Edwards, the wife of Springfield Ward 1 Ald. Frank Edwards, was named to the post by the county board in 2011 after top county officials, including county board chairman Andy Van Meter, sheriff Neil Williamson and state’s attorney John Milhiser urged Boone to resign. Boone’s critics said that the public had lost confidence in the office after a series of blunders by Boone, especially her handling of the 2008 death of Anakin Credit, a toddler the coroner said died of natural causes. The case was reopened by the state Department of Children and Family Services based on suspicions of child abuse, and the boyfriend of Credit’s mother is now facing murder charges.
When Edwards took over last summer, the coroner’s office operated largely on paper records. There was a Dictaphone on premises but no camera to document death scenes. Edwards, who remains an elected trustee on the board of Lincoln Land Community College, where she serves as the chair, says that she has computerized records and otherwise modernized the office so that she can easily track trends such as suicide and overdose rates, which are important public health issues.
Edwards dismissed any suggestion that her political connections, rather than her qualifications, put her in the coroner’s post.
“I think that’s totally untrue,” Edwards said. “I’ve turned around the coroner’s office, and we’re headed in the right direction and I’d like to continue on that.”
Tom Shafer, a perennial candidate for offices ranging from the Sangamon County board to the Springfield school board, got 43 percent of the vote running against Edwards in the Republican primary, a respectable showing that raised some political eyebrows.

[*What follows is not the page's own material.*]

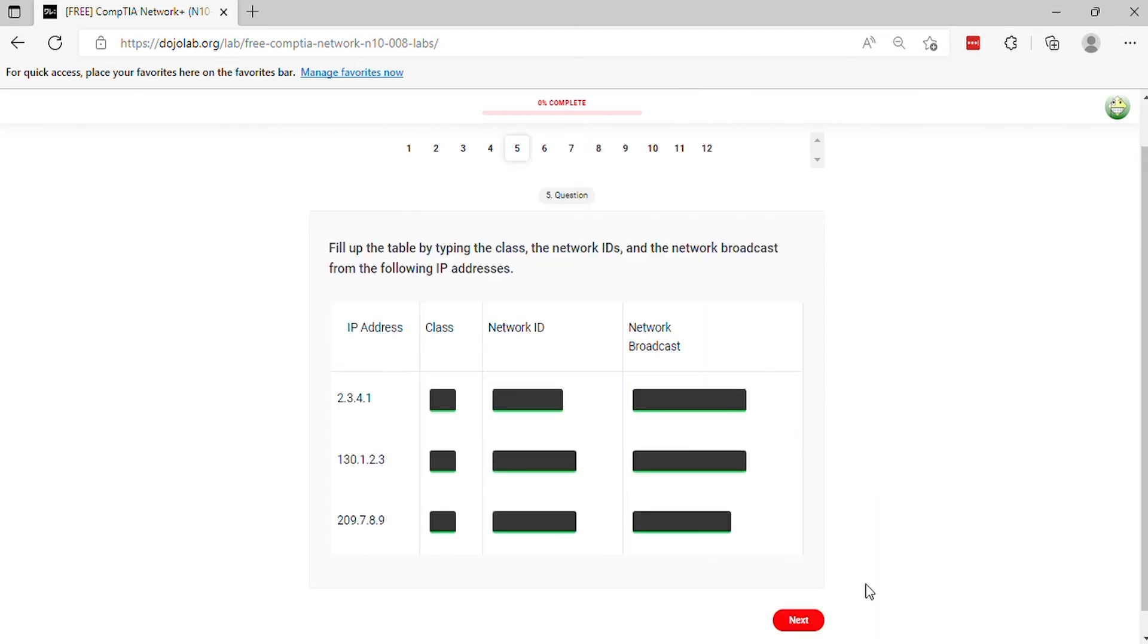Question 5. Fill up the table by typing the class, the network IDs, and the network broadcast from the following IP addresses.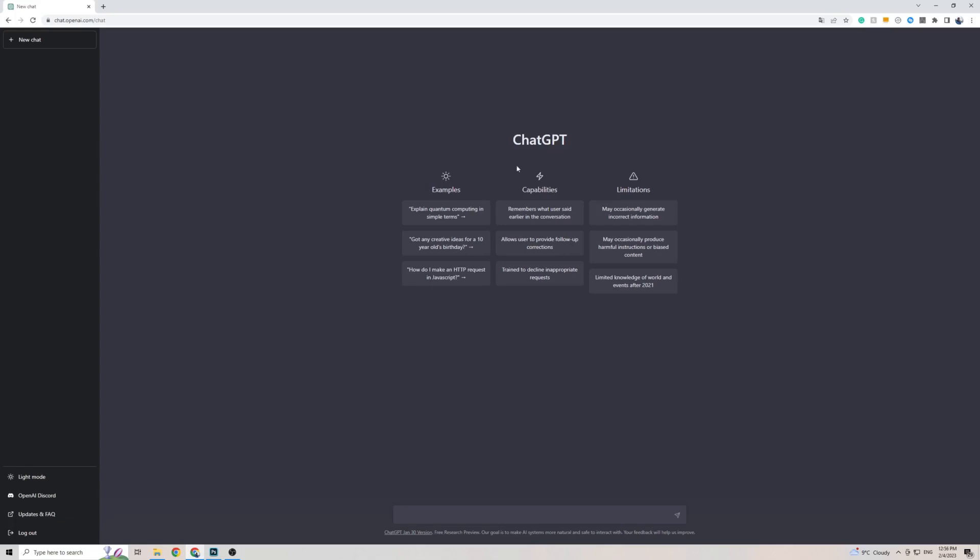Now, with that said, I do want to mention one thing. ChatGPT is currently only available in the English language, at least officially.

“I think it tells you that I was so busy in this office turning this ship around I didn’t get out a lot,” Edwards said.
But Curry said the primary results demonstrate that the electorate isn’t comfortable with Edwards’ appointment.
“Republicans are not happy with the way the situation was handled,” said Curry, who owns a funeral home in Pawnee and is also executive director of the Mary Bryant Home for the Blind and Visually Impaired.
Curry ran for coroner in 1996 and was defeated by Boone. He said his experience as an administrator and as a funeral director qualifies him for the coroner’s post.
“Everything I do in my life is to serve other people,” Curry said. “I know how to deal with families. I know what they’re needing.”
Curry, who said last week that he hasn’t started raising money, has not filed any records of campaign contributions with the state board of elections. He said he believes that he will spend as much as $18,000.
Edwards had nearly $12,400 in her campaign fund as of June 30. Where the bulk of the money came from isn’t clear. Since the third quarter of last year, Edwards has raised $26,250, with $21,970 of that amount from sources that were not itemized in reports filed with the state board of elections.
Under state law, candidates are not required to itemize contributions of less than $150. Edwards said that sources of her campaign cash have not been itemized because they have come in chunks of less than $150.
“The majority of what I get in a coroner’s campaign is going to be smaller amounts,” Edwards said.